-- RECORDS TO USE follows --
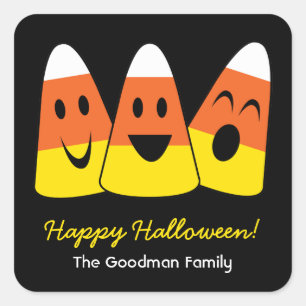 Adesivo Quadrado Tag bonito do favor do Dia das Bruxas do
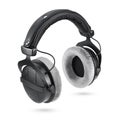 Black studio headphones isolated on white background Royalty Free Stock Photo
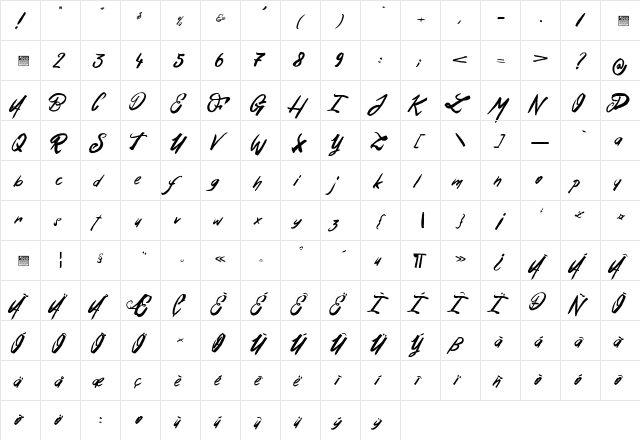 Esteban&Solina_PersonalUseOnly Regular  glyph index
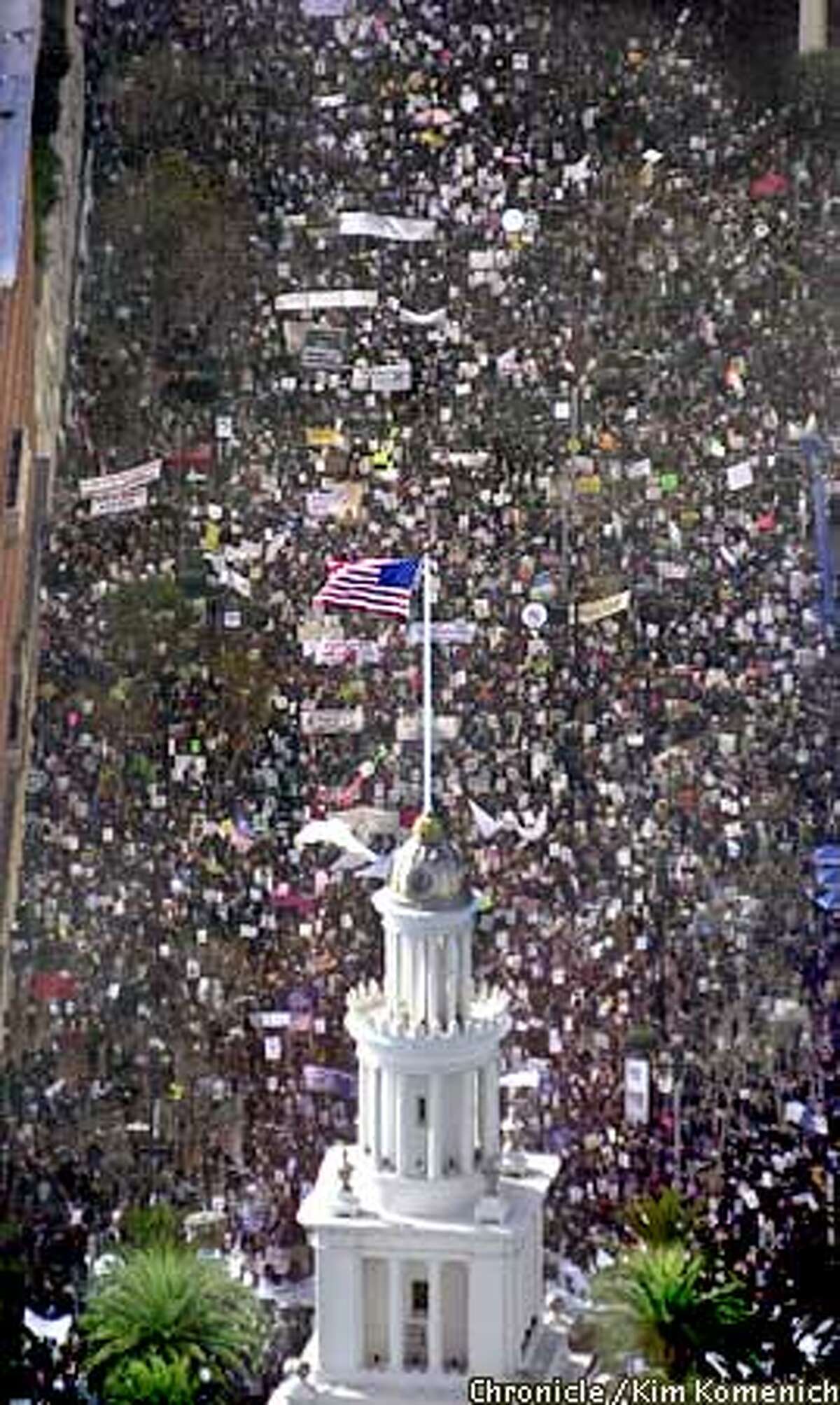 Aerial photos of tens of thousands of anti-war demonstrators as they march from Justin Herman Plaza to the S.F. Civic Center to protest the U.S. policy on Iraq (and a few other things). CHRONICLE PHOTO BY KIM KOMENICH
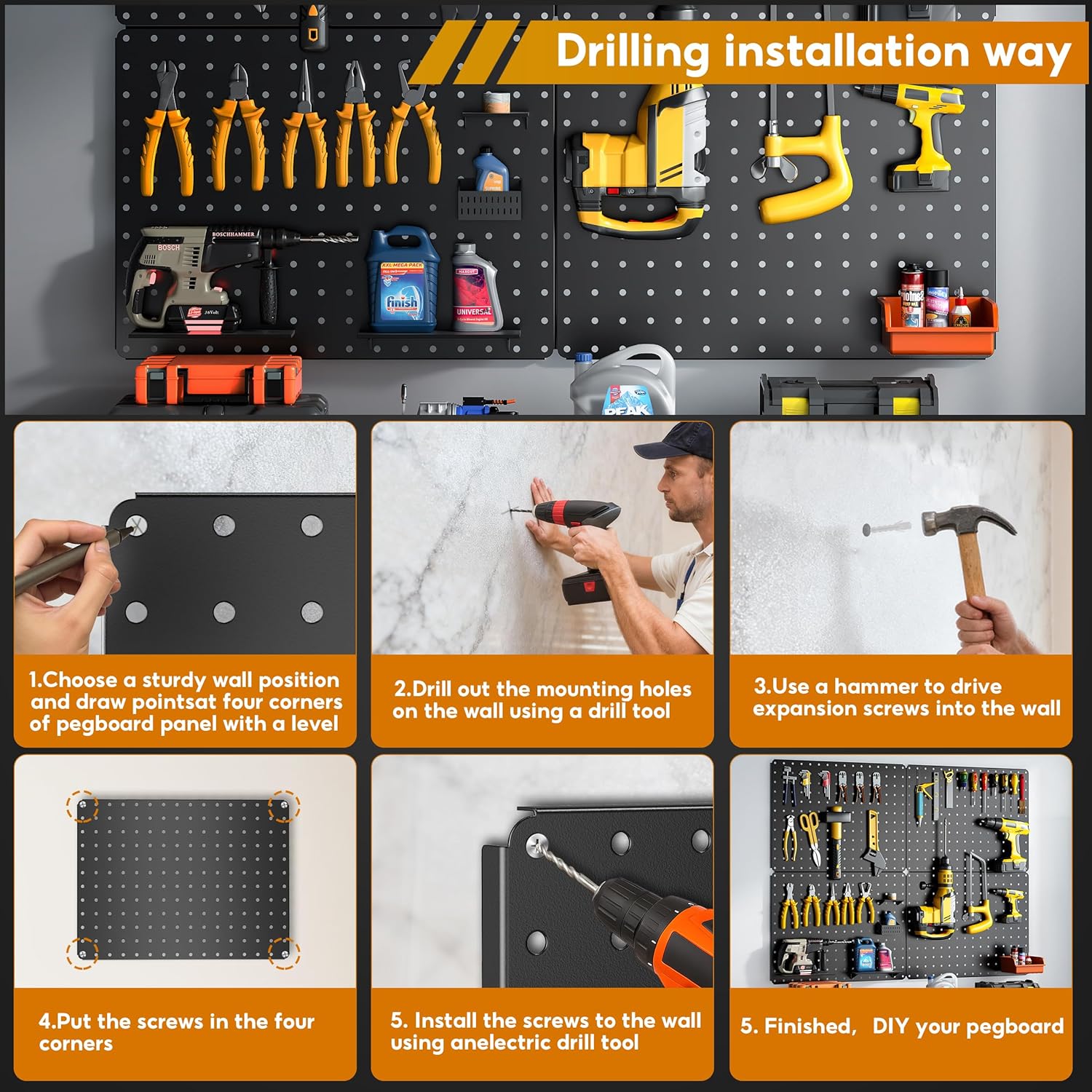 Peg Board, 110pcs Metal Pegboard Kit, Includes 4 Pack Black Peg Board Panels with Accessories and Hook Locks, Large Heavy Duty Peg Boards for Walls Home, Garage Tool Storage, Workbench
-- RECORDS TO USE concluded --
__EXERCISE__.
Please retype only the lines from the line that holds "Aerial photos of" through the end of the records, exactly as they stand, and drop every picture.

__RESULT OF THE EXERCISE__.
 Aerial photos of tens of thousands of anti-war demonstrators as they march from Justin Herman Plaza to the S.F. Civic Center to protest the U.S. policy on Iraq (and a few other things). CHRONICLE PHOTO BY KIM KOMENICH
 Peg Board, 110pcs Metal Pegboard Kit, Includes 4 Pack Black Peg Board Panels with Accessories and Hook Locks, Large Heavy Duty Peg Boards for Walls Home, Garage Tool Storage, Workbench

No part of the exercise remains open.